By Yereth Rosen
ANCHORAGE, Alaska, Dec 22 (Reuters) - The 28 operating natural gas fields in Alaska’s aged Cook Inlet basin hold an additional 1.142 trillion cubic feet of recoverable reserves, enough to meet regional demands for at least a decade, according to a new report issued by the Alaska Department of Natural Resources.
The study assumes that exports of liquefied natural gas from a plant owned by ConocoPhillips (COP.N) and Marathon (MRO.N) will cease in 2011, when the companies’ export license expired.
Kevin Banks, acting director of the department’s Division of Oil and Gas, said the report indicated that there will be sufficient reserves to keep that facility operating.
“If I were Conoco and Marathon, I’d be seriously thinking about extending the export license,” Banks said.
The LNG export plant, located in Kenai, has two customers, Tokyo Gas Co Ltd And Tokyo Electric Power Co Inc.

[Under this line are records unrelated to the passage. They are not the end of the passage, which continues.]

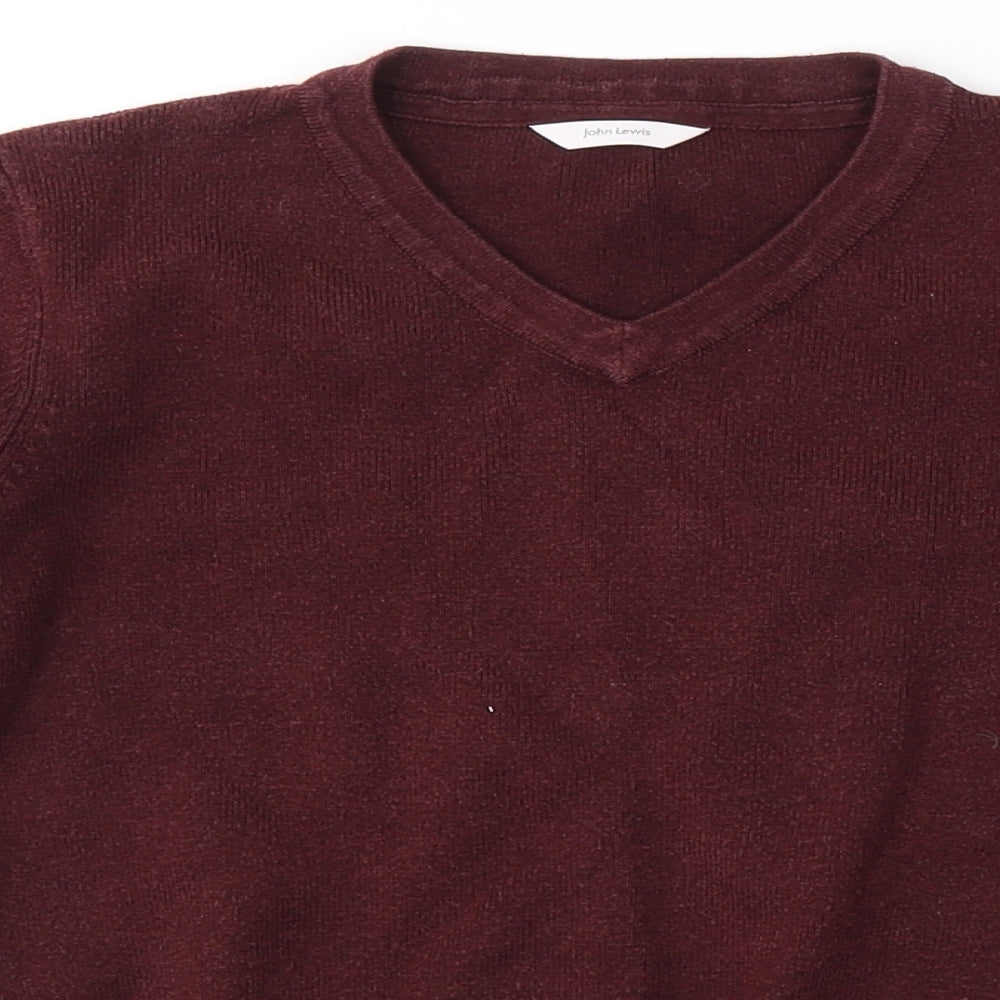 John Lewis Boys Red V-Neck  Acrylic Pullover Jumper Size 9-10 Years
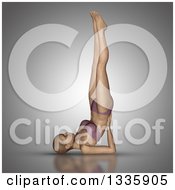 Poster, Art Print Of 3d Fit Caucasian Woman Stretching In A Yoga Pose On Gray 3
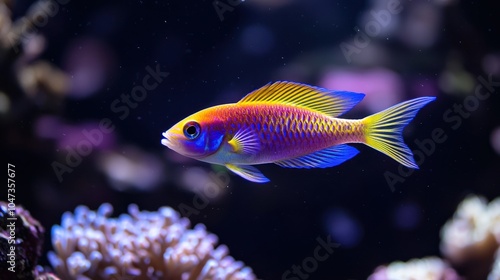 Vibrant Tropical Fish in Aquarium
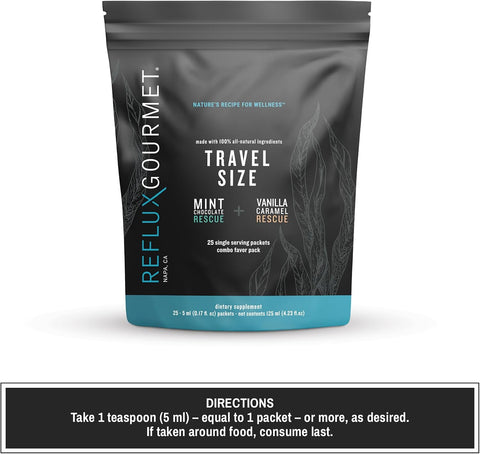 REFLUX GOURMET Mint Chocolate & Vanilla Caramel Rescue – Alginate Complex – Digestive Support Formula – Single Serve 25 Pack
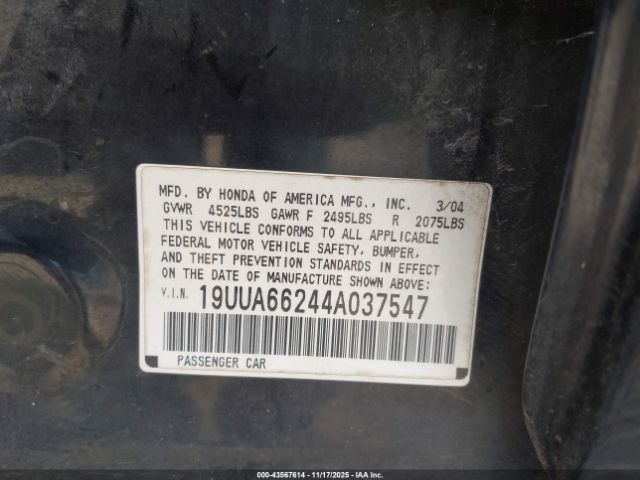 2004 ACURA TL 19UUA66244A037547 Photo 8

The plant began operations in 1969 and is the nation’s only LNG export facility.
If the companies hope to continue their LNG exports, the state would likely try to extract promises of increased Cook Inlet exploration, Banks said.
“Any discussions that may surround more export of LNG would revolve around, What are you going to do, Conoco and Marathon, to replace the reserves that you are exporting?’”
The state study concludes that 20 percent of Cook Inlet’s original natural gas capacity remains to be produced.
“The most accessible gas has been produced, and while the basin is not in imminent danger of running out, the remaining gas may carry increased cost,” state Natural Resources Commissioner Tom Irwin said in a statement.
Most of the remaining natural gas is in four fields, the study said. They are the ConocoPhillips-operated Beluga River and North Cook Inlet fields, the Marathon-operated Ninilchik field and the Chevron (CVX.N)-operated McArthur River/Grayling gas sands field.
The study did not evaluate remaining reserves in the Marathon-operated Kenai Gas Field because that unit is located on federal territory in the Kenai Peninsula.
Commercial oil and gas production in the Cook Inlet basin began in the 1950s and, according to some historians, was a major impetus for Alaska statehood. But Cook Inlet activities have been eclipsed for decades by the much-larger oil production of the North Slope.
Cook Inlet natural gas production peaked in the 1990s at about 220 billion cubic feet a year. Current production is about 140 billion cubic feet a year, according to the department report, and is used by regional utilities as well as the LNG export plant. Production is expected to continue to decline in future years.
The U.S. Geological Survey, with assistance from Alaska agencies, is currently conducting a new study of potential natural gas reserves yet to be discovered, Banks said.
Cook Inlet-area exploration is challenged economically by a variety of factors, including market isolation, lack of economies of scale and highly variable seasonal demand.
Banks said successful exploration in the future might focus on areas offshore, within the Kenai National Wildlife Refuge and within private property all sites where drilling is complicated and controversial.